The eligible recipient's failure to properly allocate the expenditures within
the SSP year resulting in the depletion of the AAB, due to mismanagement of or
failure to track the funds, prior to the calendared expiration date does not
substantiate a claim for a budget increase (i.e., if all of the AAB is expended
within the first three months of the SSP year, it is not justification for an
increase in the annual budget for that SSP year). Amendments to the AAB may
occur within the SSP year and the eligible recipient is responsible for
assuring that all expenditures are in compliance with the most current AAB in
effect. Amendments to the AAB must be preceded by an amendment to the
SSP.
(5) The AAB may be revised
once the original annual budget request has been submitted and approved. Only
one annual budget revision request may be submitted at a time, e.g., an annual
budget revision request may not be submitted if a prior annual budget revision
request is under initial review by the TPA. The same requirement also applies
to any reconsideration of the same revision request.
G.
SSP and annual budget
supports: As specified in 8.314.6 NMAC and its service standards, the
eligible recipient is assisted by his or her consultant in development and
implementation of the SSP and AAB. The FMA assists the eligible recipient with
implementation of the AAB.
H.
Submission for approval: The TPA must approve the SSP and
associated annual budget request (resulting in an AAB). The TPA must approve
certain changes in the SSP and annual budget request, as specified in 8.314.6
NMAC and mi via service standards and in accordance with 8.302.5 NMAC.

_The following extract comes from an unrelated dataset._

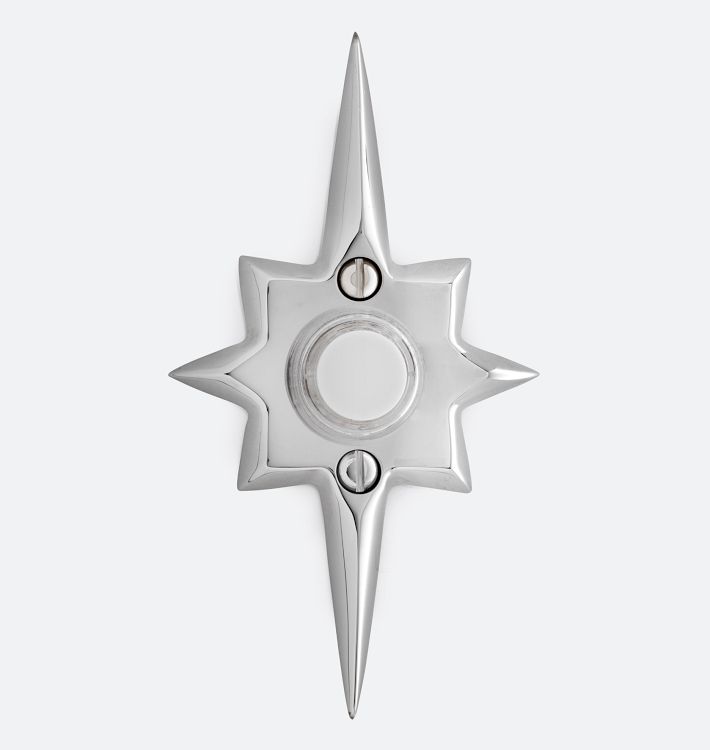 Mid-Century Star Doorbell Button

(1) At any point during the SSP and
associated annual budget utilization review process, the TPA may request
additional documentation from the eligible recipient. This request must be in
writing and submitted to both the eligible recipient and the consultant
provider. The eligible recipient has seven working days from the date of the
initial request to respond with additional documentation. The TPA will issue a
second request for information on the seventh day if information was not
received and issue a final request for information 14 working days after the
initial request. The eligible recipient has a total of 21 working days to
respond with additional documentation. Failure by the eligible recipient to
submit the requested information may subject the SSP and annual budget request
to denial.
(2) Services cannot
begin and goods may not be purchased before the start date of the approved SSP
and AAB or approved revised SSP and revised AAB.
(3) Any revisions requested for other than
critical health or safety reasons within 60 calendar days of expiration of the
SSP and AAB are subject to denial for that reason.